While the videos shared by OpenAI so far make for a compelling sizzle-reel of Sora’s text-to-video capabilities, the company noted in a Thursday blog post that the platform still has a number of challenges and will certainly be mistake-prone.

OpenAI says that Sora may “struggle with accurately simulating the physics of a complex scene” and may not be able to understand, and represent, specific instances of cause and effect. An example cited by the company: a person might take a bite out of a cookie, but afterward, the cookie may not have a bite mark.

Other issues that may occur in rendering video from user prompts, according to OpenAI, include confusion over spatial details of a prompt, like mixing up directions or accurately tracking with descriptions of events that take place over time.

OpenAI said it’s building safety features into the platform, including digital watermarking that helps identify videos as having been generated by Sora, and applying some of the same user restrictions it has established for its other AI-driven tools, including the DALL-E text-to-image generator.

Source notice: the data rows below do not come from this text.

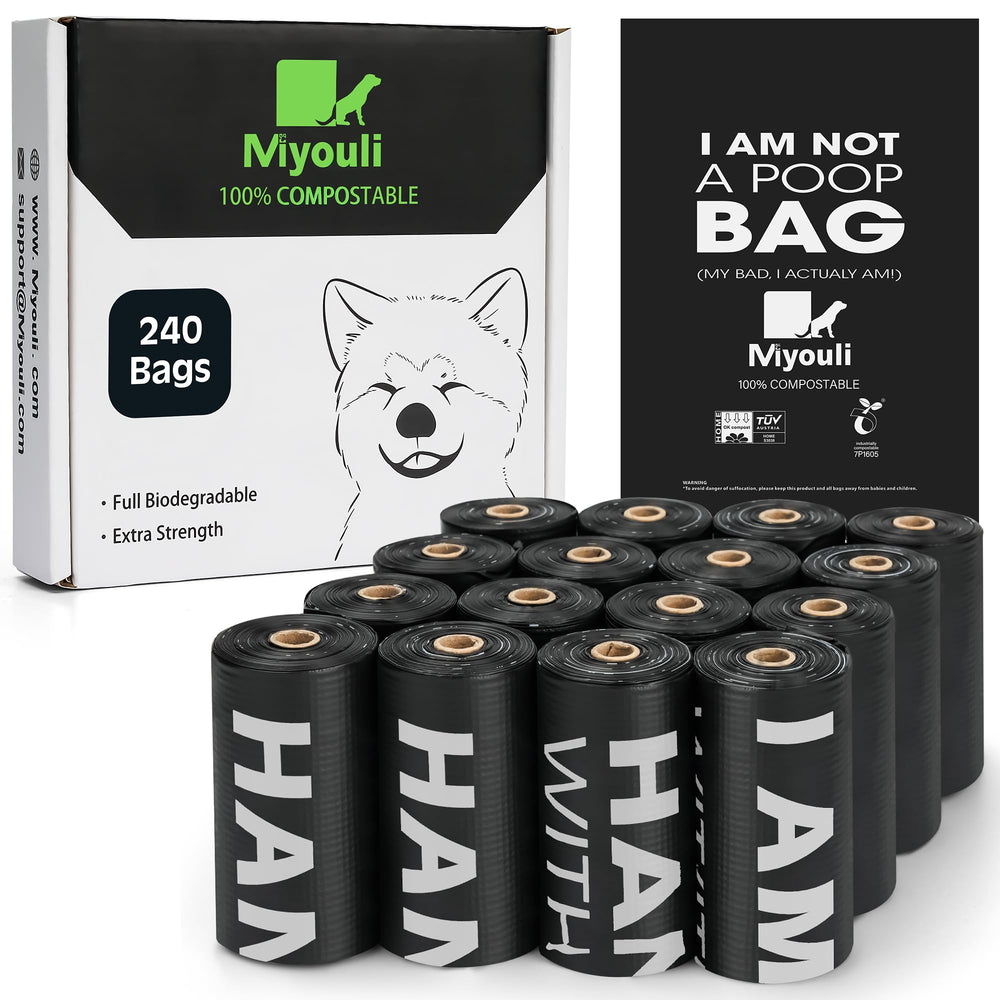 Sacs Miyouli compostables pour chiens en rouleaux, prêt à l’emploi.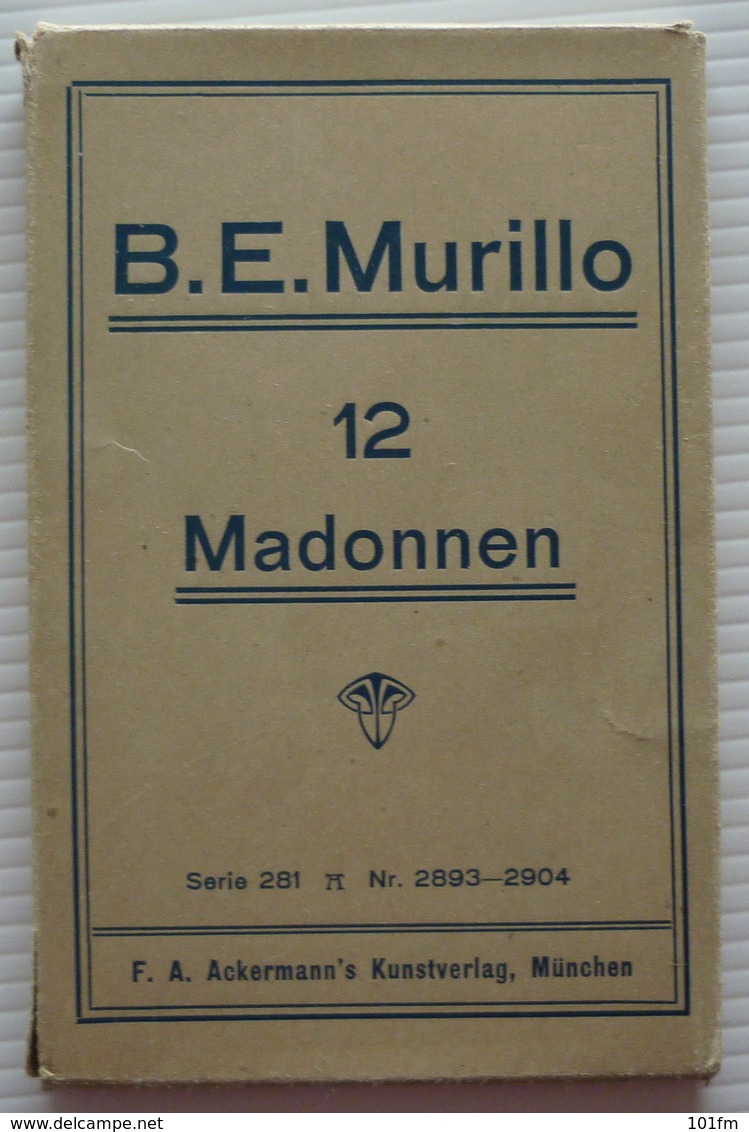 B. E. MURILLO BOOKLET WITH 12 OLD POSTCARDS - MADONNEN - 5 - 99 Karten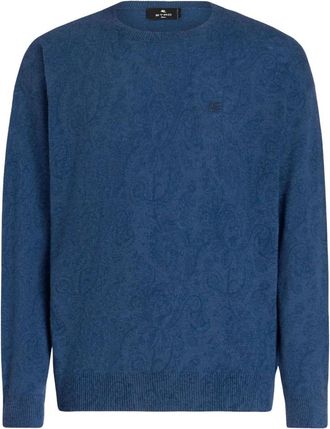 Etro Wollen trui met ronde hals - Heren - Ronde hals truien - Blauw - XL - Wol - Truien & Vesten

Those measures include a screening process that checks and rejects user prompts that violate OpenAI’s usage policies, including requests to generate images of extreme violence, sexual content, hateful imagery, celebrity likenesses or protected intellectual property. The company said it also employs a system that performs a frame-by-frame evaluation of Sora-created videos before they’re shown to the user as a double-check for usage policy compliance.

OpenAI reports that Sora’s capabilities extend beyond its text-to-video function and is able to generate video footage from an existing still image by “animating the image’s contents with accuracy and attention to small detail.” The model can also take existing video footage and extend it or fill in missing frames.

While Congress has struggled to keep legislative pace with a wide range of emerging technologies, including artificial intelligence-driven software, some administrative and regulatory actions over the past few months aim to create at least some framework to limit how the new tools can be abused.

Last October, President Joe Biden issued a wide-ranging executive order aiming to create new regulatory oversight on emerging artificial intelligence technology and build bulwarks against consumer privacy invasions, discrimination and the dissemination of false or misleading information generated by AI-powered tools.

Earlier this month, and following a spate of fake, AI-generated robocalls that spoofed Biden’s voice and went out to some New Hampshire voters just 48 hours before that state’s presidential primary, the Federal Communications Commission issued a statement noting its efforts to give state prosecutors new tools to battle fraudulent activities leveraged with artificial intelligence tools.

“AI-generated voice cloning and images are already sowing confusion by tricking consumers into thinking scams and frauds are legitimate. No matter what celebrity or politician you favor, or what your relationship is with your kin when they call for help, it is possible we could all be a target of these faked calls,” said FCC Chairwoman Jessica Rosenworcel. “That’s why the FCC is taking steps to recognize this emerging technology as illegal under existing law, giving our partners at State Attorneys General offices across the country new tools they can use to crack down on these scams and protect consumers.”